Someone recently asked me why I collect telephones from the late 1960's to the middle 1970's, and I responded because that is the period when I worked for the phone company. However that isn't quite the right answer.

This morning I got to wondering what the true reasons were and I came to the following conclusions.

My father was a professional portrait photographer. He inherited my grandfather's business when he died in 1942, and my father continued in the same studio in Rocky Mount, North Carolina. In the late 1950's, the business essentially dried up. I found out many years later, that for the year 1959, my father's entire gross income was $15. In 1960, he found a job as a photographer with the Smithsonian Institution in Washington DC so we moved to Northern Virginia. From this story you can get an idea that, at that time, we were fairly poor, and as a result dad was very careful with his spending.

In 1965, after dad had recovered his finances, we moved to a new house about 20 miles away. To save money, our phone service was a party line and we had a standard black rotary 500 telephone set in the basement rec room. Dad splurged and got a second phone for the kitchen upstairs, again a black rotary 554 wall set. Our service for the 2 sets was about $10 a month, still for us, a big expense. As a comparison, the mortgage on the house was about $125 a month. Touch Tone service was available at the new house but that cost an extra $1 a month. Colored sets were also available but cost another $1 month, so we had no Touch Tone or colored phones in the house. I begged several times to get Touch Tone service, but dad wouldn't spend the extra money on something he considered a luxury.

Something that was cool and just out of reach, is always desirable to someone who can't have it. And these sets being push button and a new technology made my desires to have them even stronger.

When I began working for the phone company in 1972, I was surrounded by all those neat gadgets that were so much desired. With an employe discount, I was able to get a second phone line installed in the house, along with Touch Tone service and a beige 2 line 2555 wall set in the kitchen. However, most of the really nifty stuff was still out of my reach. Multi line office phones, speaker phones, answering machines, card dialers etc. were candy in my eyes but just too expensive for a fellow earning only $1.60 an hour, even if that was the highest paying job I had until about 1980.
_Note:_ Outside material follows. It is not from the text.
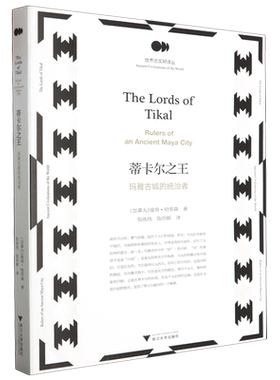 蒂卡尔之王:玛雅古城的统治者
Then, of course, the Bell System was broken up and Western Electric went out of business. By the time I could actually afford those fancy phones, they were no longer available... until recently when I discovered E-bay.
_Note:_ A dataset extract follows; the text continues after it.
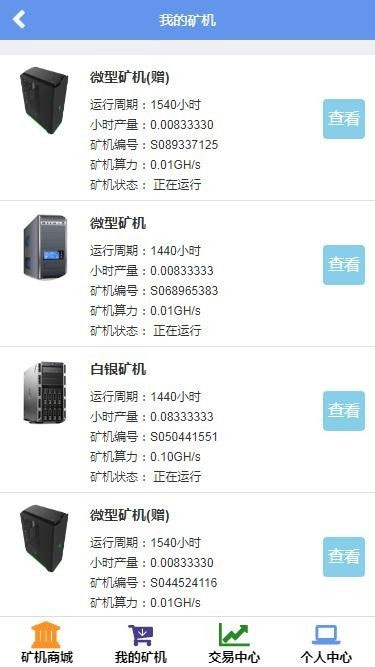 图片[3]-最新Thinkphp金融区块链云kuang机在线挖K系统源码-同城资源网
I like to collect Western Electric phones from the late 1960's and early 70's because those were the last generation of phones produced before electronics began to come into individual sets. In these phones, you can still SEE the circuits and how they worked. In the next generation of equipment the individual wires began to disappear, being replaced with integrated circuits. While the newer equipment offers many more features and simpler manufacturing and service (throw it away and buy a new one) I like being able to trace the wires and to follow exactly how the circuit works.